The Convention of States project
Today several activists and commentators believe the States must convene again, as they did in 1787. The leaders of this Convention of States project say why:
The federal government has overreached its constitutionally established boundaries and has its hands in almost every area of our lives. Our children and grandchildren will inherit a bankrupt nation run by an unaccountable bureaucracy.
How has this happened? CNAV attended a “viewing party and rally” at the Williamsburg Regional Library in Williamsburg, Virginia yesterday (23 September). About twenty-three attendees watched a live stream in which delegates from across the country simulated a Convention of States. The attendees spoke freely to CNAV about the “how.” Congress, they said, delegated some of its law-making power and even judicial power to the “bureaucracy” they decry. The Members have also voted in many protections for incumbent Senators and Representatives. The most common way anyone leaves either House of Congress is by declining to seek re-election. The second most common way: feet first. Defeat when standing for re-election, either in the general or any primary election, ranks a distant third. (Rarely, the Member’s respective House expels him. Or else the leaders tell him to resign after a court prepares to try him for a felony.)
These activists believe the Constitution must change so that the most flagrant abuses cannot happen again. Congress, they say, will never do it. A Convention of States can consider how to change the Constitution to suit the people, not Congress.
Opposition to the project
The Convention of States project definitely has its opponents. One, “texting in” to one attendee, called the simulation a “travesty.” In all fairness, the Convention simulation was not a burlesque, either of parliamentary procedure or of the kind of serious debate these activists hope will take place. The nearly seven-hour simulation played out strictly according to Mason’s Manual for Legislative Bodies. This is the most common set of parliamentary rules State legislatures use. The Convention of States Project believes most delegates to such a convention will come from State legislatures. To use such a common set of rules therefore makes sense.
Furthermore, those taking part in the simulation recognized the weight of the issues before them. They dropped one popular proposal when they felt they could not draft it properly in so short a time. In short, they showed themselves ready to discuss seriously the Constitution and how and why to change it.
But all this depends on whether they would in fact be the delegates to the real Convention of States. That is the rub.
Refusal to call a convention
Congress might refuse to call a convention. Some of the twenty-three Williamsburg attendees asked the Project organizers what they would do then. They answered that the States would hold a Convention anyway, and submit amendments to the States for ratification. Would federal and State courts accept these amendments as “valid to all intents and purposes as part of this Constitution”? The organizers admitted: they didn’t know. They said it would make an interesting Constitutional question. They meant Constitutional crisis, though they did not want to speak aloud that ancient Greek word for a trial. A crisis would indeed ensue.
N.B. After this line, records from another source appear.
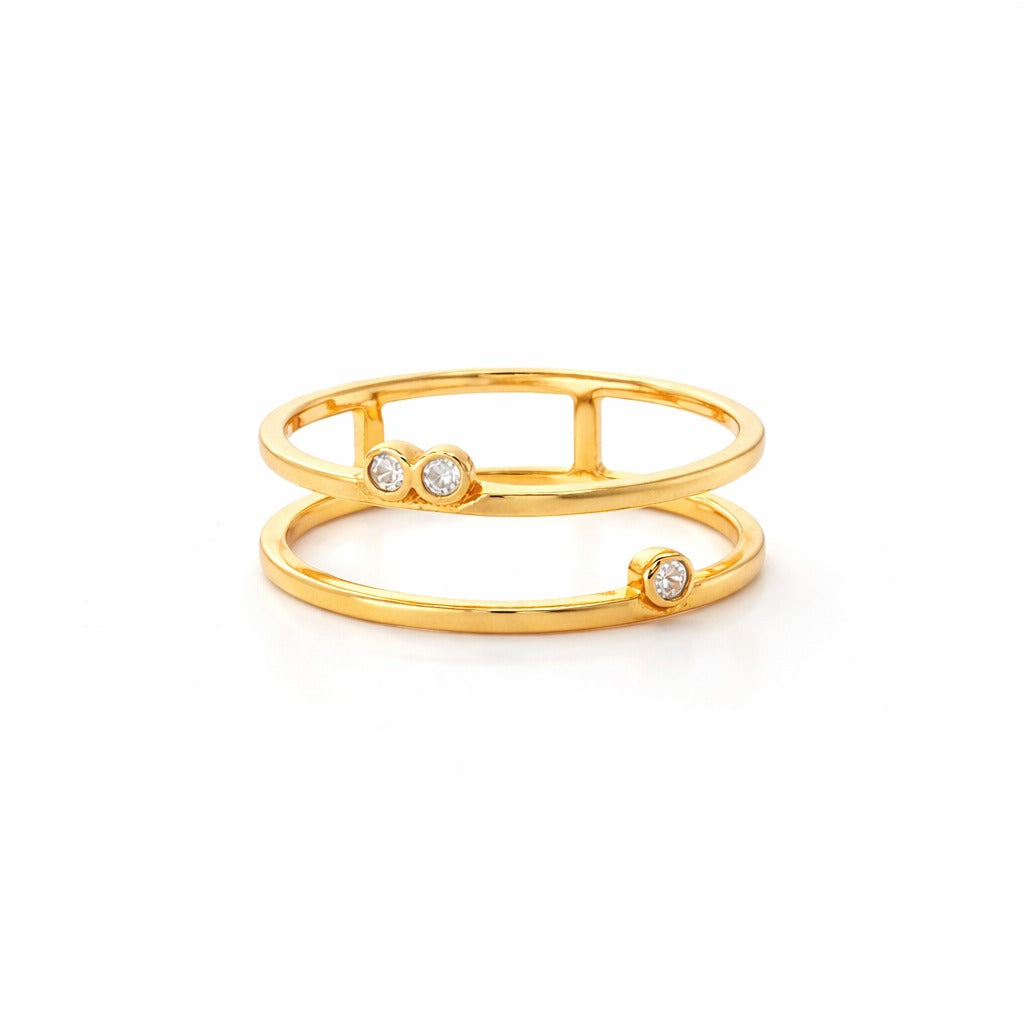 Gold ring with embedded stones on a white background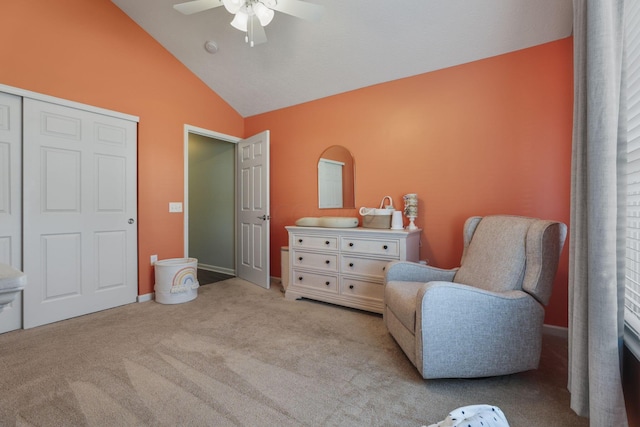 sitting room with light colored carpet, vaulted ceiling, and ceiling fan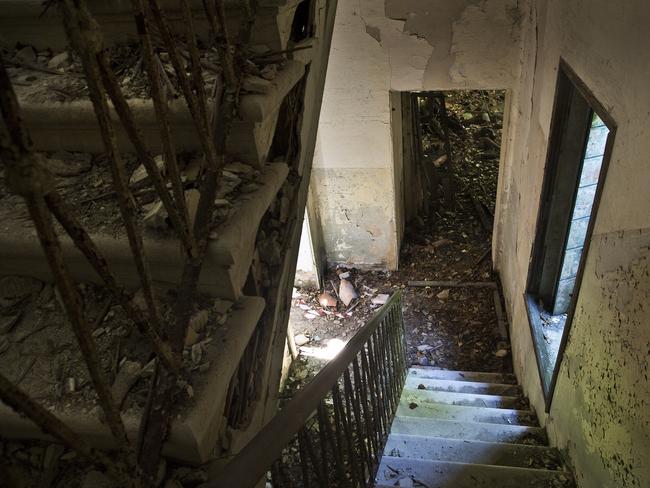 Inside the station ... stairs in the kitchen area on Poveglia Island. Picture: Ella Pellegrini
The Supreme Court would then have to consider the weightiest question any such Court ever considered. (And how could they, if someone proposed changing the Court’s very terms of office?)
A runaway convention?
The Project site keeps this list of responses to the most common objections they hear. But CNAV went to this gathering to get a direct answer to the most serious problem: a runaway convention. Andrew L. Schlafly, founder and editor-in-chief of Conservapedia, shared his misgivings with CNAV:
If you read Article Five carefully, Congress calls the convention. So Congress can set the rules. They can determine who selects the delegates, and how. They then could propose all sorts of amendments of the kind we don’t want. [That would include] repeal[ing] the Second Amendment, [and] do[ing] away with Citizen’s United. And the States would ratify all that, because the liberals would have the media behind them.
Schlafly refers, of course, to the case of Citizen’s United v. Federal Election Commission. The Supreme Court held that companies of any sort, not labor unions only, had the same right of free speech as have individuals.1 Liberal activists have called for changing the Constitution ever since, to say that only individuals, and approved collectives, have free speech. They also have called lately for repealing the Second Amendment.2
CNAV laid Andrew Schlafly’s objection before the organizers in Williamsburg. “An excellent question,” said David Detrich, one of the organizers. He then held that Congress would have no more than a secretarial role. “To call,” in the context of Article Five, does not authorize Congress to select delegates. In any event, he asked rhetorically, would the States applying for a Convention of States, stand for its hijacking?
Media manipulation
For answer, CNAV set forth this scenario. Suppose the publishers, managing editors, etc., of the largest Mainstream Media organs colluded to stage events to sway the public?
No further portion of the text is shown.